Evidence of other crimes, wrongs, or bad acts is admissible under Federal Rule of Evidence 404(b) if offered for a permissible purpose. Such permissible purposes include “proof of intent, motive, opportunity, plan, knowledge, identity or absence of mistake or accident.” United States v. Morrow, 2005 WL 3159572, at *3 (D.D.C. Apr. 7, 2005) ; see also United States v. Pindell, 336 F.3d 1049, 1056 (D.C.Cir.2003) ; United States v. Miller, 895 F.2d 1431, 1436 (D.C.Cir.1990). This Circuit has made clear that Rule 404(b) “was intended not to define the set of permissible purposes for which bad-acts evidence may be admitted but rather to define the one impermissible purpose for such evidence.” Miller, 895 F.2d at 1436. “Rule 404(b) thus is not so much a character rule as a special aspect of relevance” because it “does not prohibit character evidence generally, only that which lacks any purpose but proving character.” United States v. Douglas, 482 F.3d 591, 596 (D.C.Cir.2007) (citing Bowie, 232 F.3d at 930 ).

The Court must conduct a two-part analysis to determine admissibility in the Rule 404(b) context. See Miller, 895 F.2d at 1435. First, the Court considers whether the evidence is “probative of some material issue other than character.” United States v. Clarke, 24 F.3d 257, 264 (D.C.Cir.1994) ; Fed. R. Evid. 404(b). Second, if the Court deems the evidence to be relevant, the Court should exclude the evidence only if its probative value “is substantially outweighed by the danger of unfair prejudice.” Fed. R. Evid. 403 ; Long, 328 F.3d at 662. In close cases, the rule tilts toward the admission of the uncharged conduct evidence. See United States v.

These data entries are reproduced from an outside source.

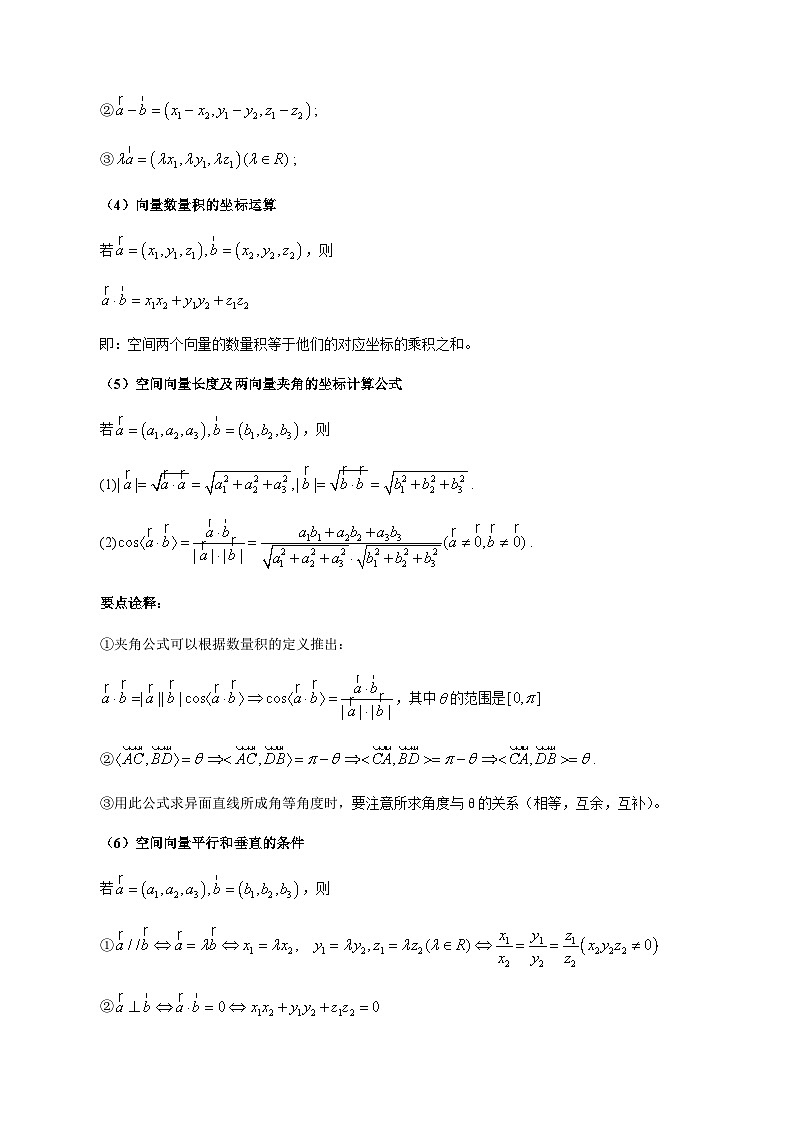 1.3 空间向量及其运算的坐标表示（解析版）第3页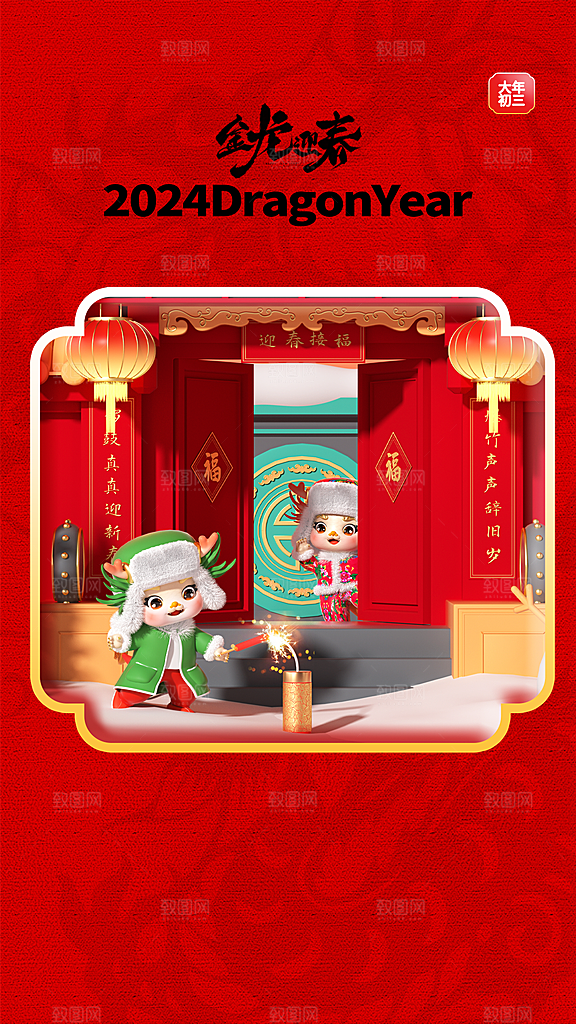龙年大吉年俗新年微推系列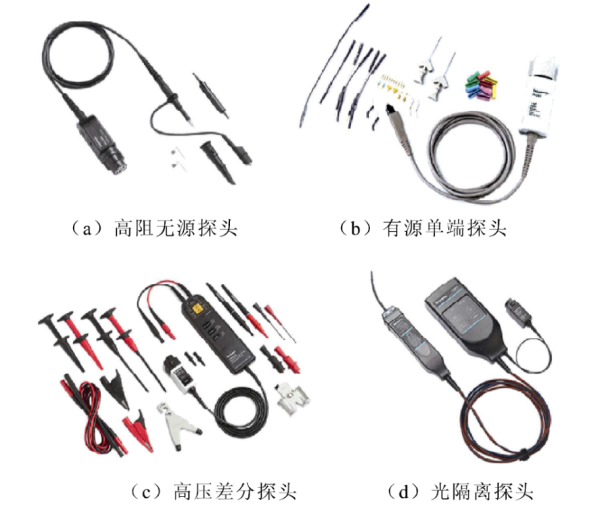 示波器電壓探頭價(jià)格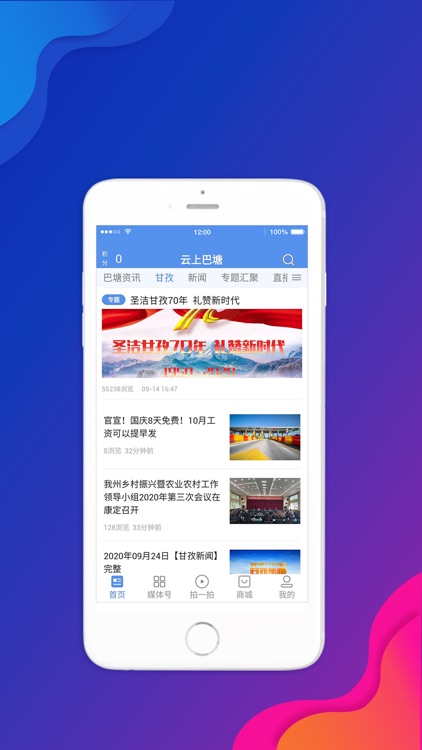 云上巴塘（官方版）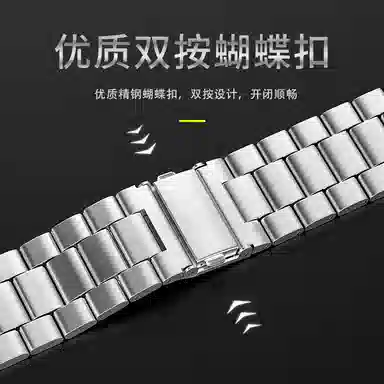 MSSM apple watch iwatchS987654SE123ultra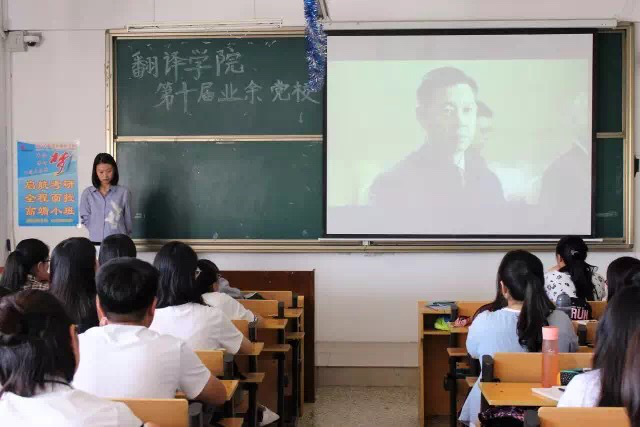 开元体育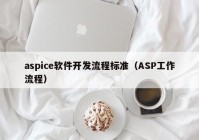 aspice軟件開發(fā)流程標(biāo)準(zhǔn)（ASP工作流程）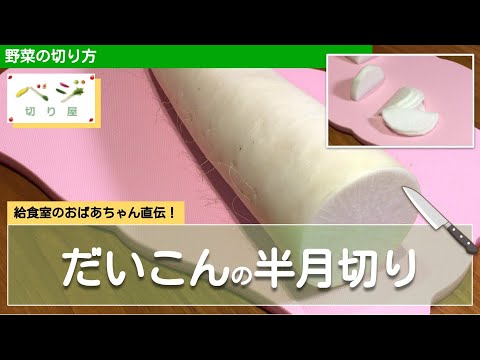 だいこんの半月切りテク
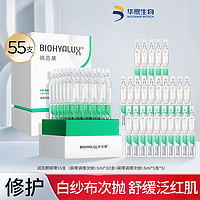 BIOHYALUX 润百颜 玻尿酸屏障次抛修护敏肌补水神经酰胺积雪草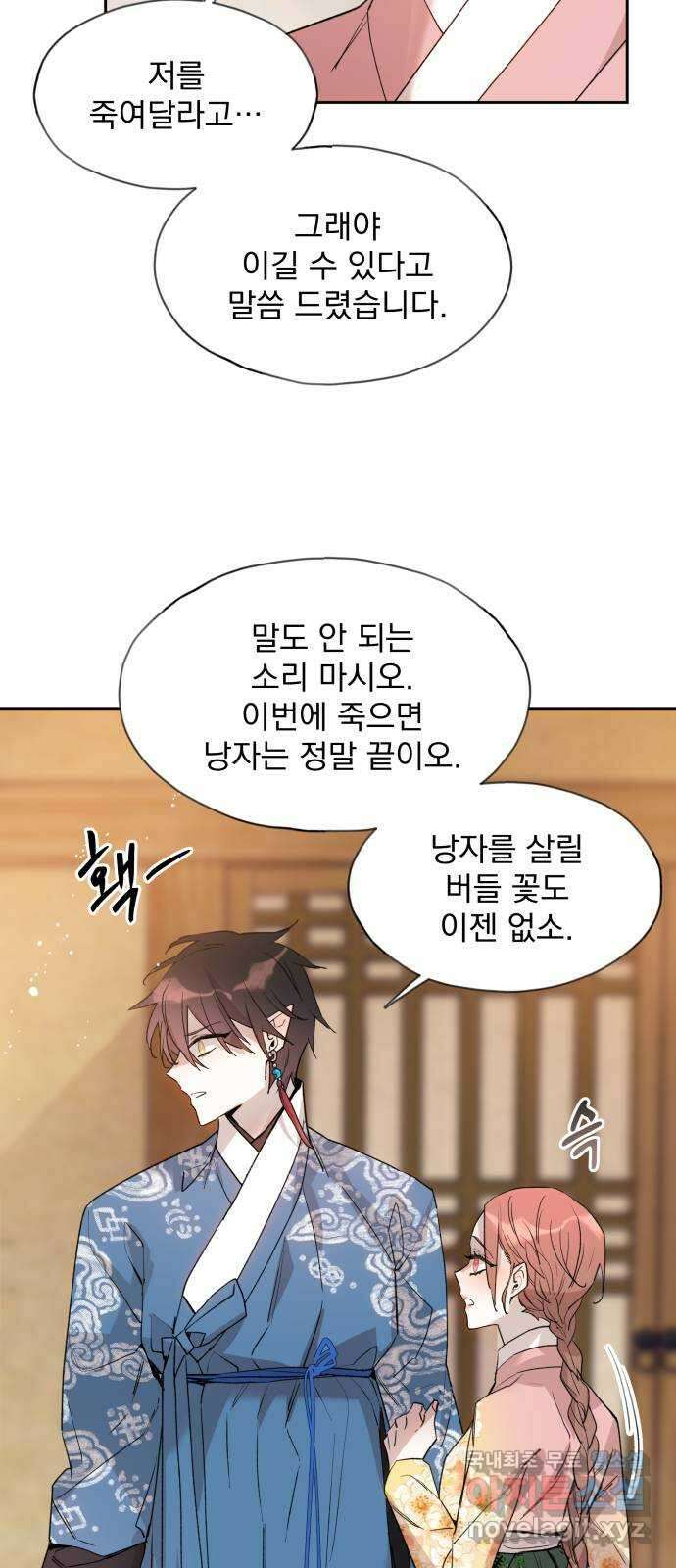 조선여우스캔들 107화. 잊는 것과 잃는 것 (13) 4
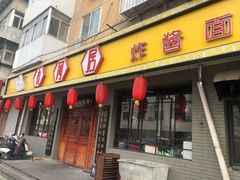 门面-九河居(荔湾路店)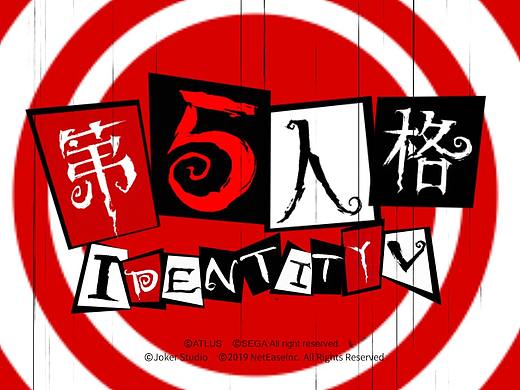 第五人格x女神异闻录P5日本地區PV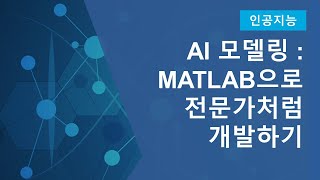 AI 모델링 워크플로우 MATLAB으로 전문가처럼 개발하기 [upl. by Tolman905]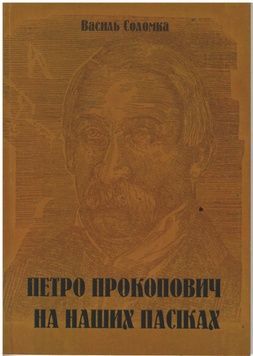Книга "Петро Прокопович на наших пасіках" &ndash; фото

Johnson, 802 F.2d 1459, 1464 (D.C.Cir.1986) (“ [T]he balance should be generally struck in favor of admission when the evidence indicates a close relationship to the event charged.”) (quoting United States v. Day, 591 F.2d 861, 878 (D.C.Cir.1978) ).

The Government seeks to introduce evidence of facts and circumstances surrounding Defendant's prior drug offense. In 1996, Defendant pled guilty in the United States District Court for the District of Columbia (Criminal Case No. 94–394–02) to conspiracy to distribute and possess with the intent to distribute 50 grams or more of cocaine base. Def.'s Mot. at 2, ECF No. 15. Defendant here is charged with three counts of unlawful distribution of cocaine, one count of conspiracy to distribute and possession with intent to distribute cocaine, and one count of unlawful distribution of heroin. Superseding Indictment, Jan. 30, 2014, ECF No. 17.

21 U.S.C. § 841(a)(1), pursuant to which Defendant is charged here, makes it unlawful for “any person knowingly or intentionally to manufacture, distribute, or dispense, or possess with intent to manufacture, distribute, or dispense, a controlled substance.” (emphasis added). The Government intends to introduce the evidence of Defendant's previous drug offense to show Defendant's “knowing and intentional possession with intent to distribute narcotics in this case.” Govt.'s Mot. for 404(b) evidence, Jan 24.2014, ECF No. 15. At the motions hearing held in this matter on May 20, 2014, the Government asserted that Defendant's prior conviction would establish that he knew how cocaine looked, and knew how to arrange the time, place, and manner of a drug transaction.